Most applications need to access external resources such as databases, storage systems, or third-party web services to perform essential functions. In order to do that, the application needs to authenticate itself to the external resource using credentials, which could be in the form of secret keys or passwords.

Credentials are valuable targets for malicious hackers as they can then impersonate your company or your application to access your critical data. Therefore, it is crucial to protect these credentials and keep them secret as much as possible.

By removing the secrets from your source code and using a secrets manager, you can boost the security of your code secrets and protect your data from bad actors.

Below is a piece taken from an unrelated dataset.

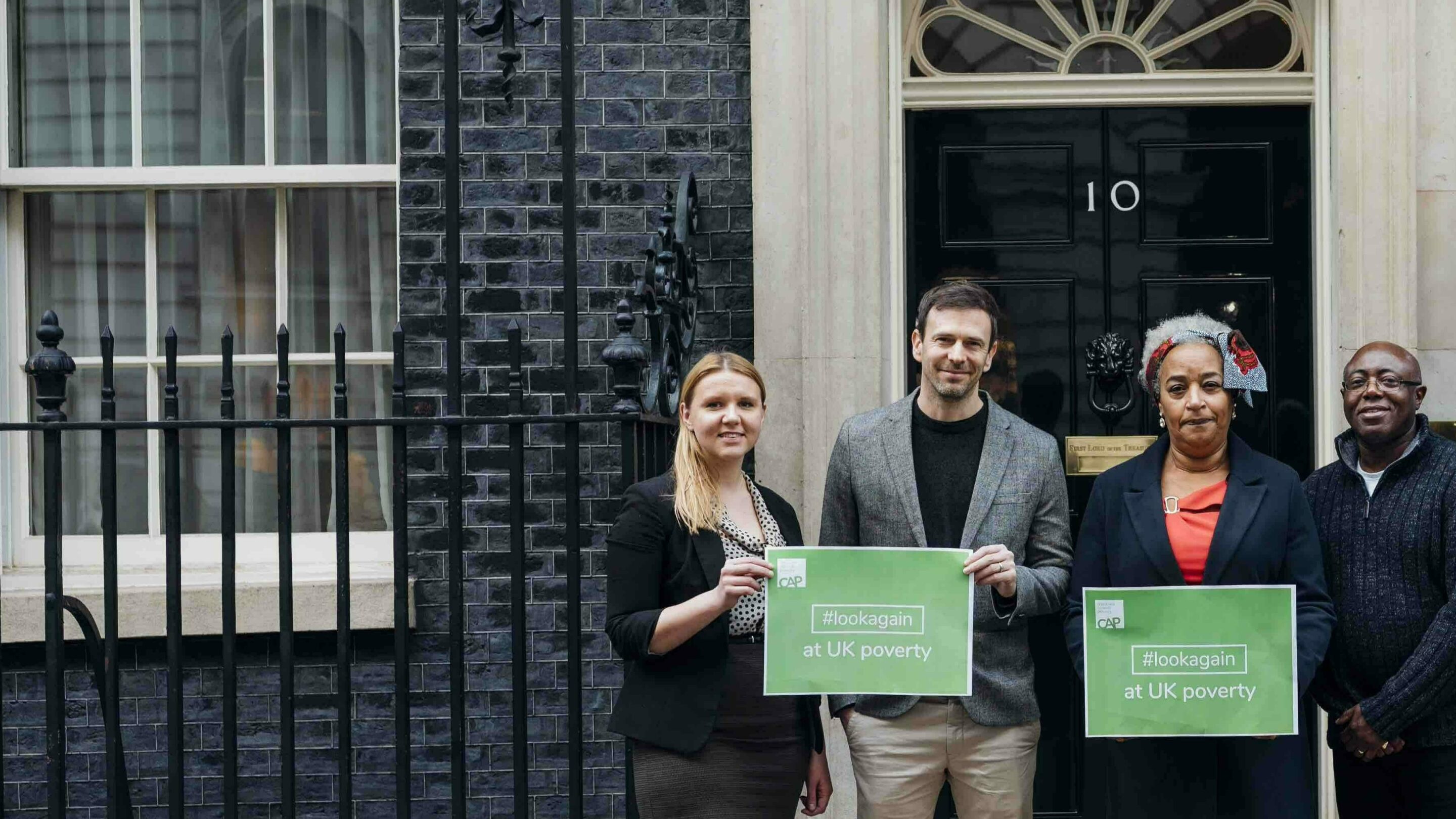Two men and two women stood outside number 10 downing Street holding posters which say, hashtag look again, at UK poverty.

Remove secrets from source code

Consider this sample snippet for Django’s DATABASES setting.

DATABASES = {
    'default': {
        'ENGINE': 'django.db.backends.postgresql',
        'NAME': 'mydatabase',
        'USER': 'mydatabaseuser',
        'PASSWORD': 'mypassword',
        'HOST': '127.0.0.1',
        'PORT': '5432',
    }
}

This can help programmers of all experience levels easily get started in running Django locally because it clearly illustrates what key/value pairs to use and what they are meant to contain. Hardcoding the values, however, only makes it easy to leak your database credentials to others. If your source code leaks, the credentials will leak as well.

Storing the credentials as environment variables is a common pattern to remove credentials from the source code. Instead of defining the credentials in the source code, they are instead defined in the environment the application is running in. The application then retrieves those values at runtime. This is a pattern recommended by the widely-known set of best practices called The Twelve-Factor App.

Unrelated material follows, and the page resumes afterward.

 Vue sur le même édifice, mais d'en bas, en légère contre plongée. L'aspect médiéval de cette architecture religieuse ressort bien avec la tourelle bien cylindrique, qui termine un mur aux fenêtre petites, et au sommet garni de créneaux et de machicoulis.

To set the environment variables on Linux/OS X, the following lines can be defined in .bashrc or .bash_profile (outside of the application source code):

export DB_NAME='mydatabase'
export DB_USER='mydatabaseuser'
export DB_PASSWORD='mypassword'
export DB_HOST='127.0.0.1'
export DB_PORT='5432'

In our example Django application, those credentials are retrieved from the environment at runtime.

import os

DATABASES = {
    'default': {
        'ENGINE': 'django.db.backends.postgresql',
        'NAME': os.getenv('DB_NAME'),
        'USER': os.getenv('DB_USER'),
        'PASSWORD': os.getenv('DB_PASSWORD'),
        'HOST': os.getenv('DB_HOST'),
        'PORT': os.getenv('DB_PORT'),
    }
}

There you go. No more credentials in the source code. No more chance of your credentials leaking out together with your source code.

While this is a good first step, it can still be improved further. The credentials may not be in the source code but it is available in the runtime environment itself. Any process running in the same environment as your application can also easily access those credentials. To mitigate this, we can then use secret managers.

Use a secret manager

A secret manager is an application that serves as a secure storage system for credentials and other sensitive data. There are many options for secrets managers:

For our sample code, we will use AWS’ offering. We store our example credentials in a secret called DB_CREDENTIALS in AWS Secrets Manager.

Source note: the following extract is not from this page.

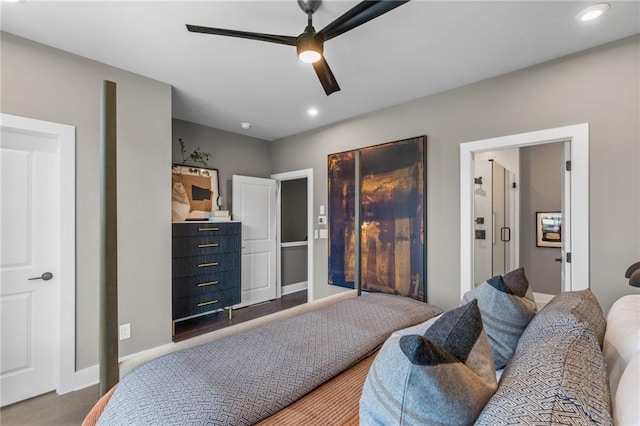 bedroom featuring wood-type flooring and ceiling fan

Assuming boto3 has been installed as a dependency and configured correctly, our Django settings snippet can now be changed to this:

import boto3
import json

# Create a Secrets Manager client
client = boto3.client(
    service_name='secretsmanager',
    region_name='us-east-1'
)

db_credentials = json.loads(client.get_secret_value(SecretId='DB_CREDENTIALS')['SecretString'])

DATABASES = {
    'default': {
        'ENGINE': 'django.db.backends.postgresql',
        'NAME': db_credentials['DB_NAME'],
        'USER': db_credentials['DB_USER'],
        'PASSWORD': db_credentials['DB_PASSWORD'],
        'HOST': db_credentials['DB_HOST'],
        'PORT': db_credentials['DB_PORT'],
    }
}

By doing it this way, the credentials are neither present in the source code nor in the environment. A malicious process in the same environment as the application would not be able to retrieve them from the environment variables.

Using secret managers to store credentials requires very minimal additional effort and cost but it greatly helps in improving the security of your application.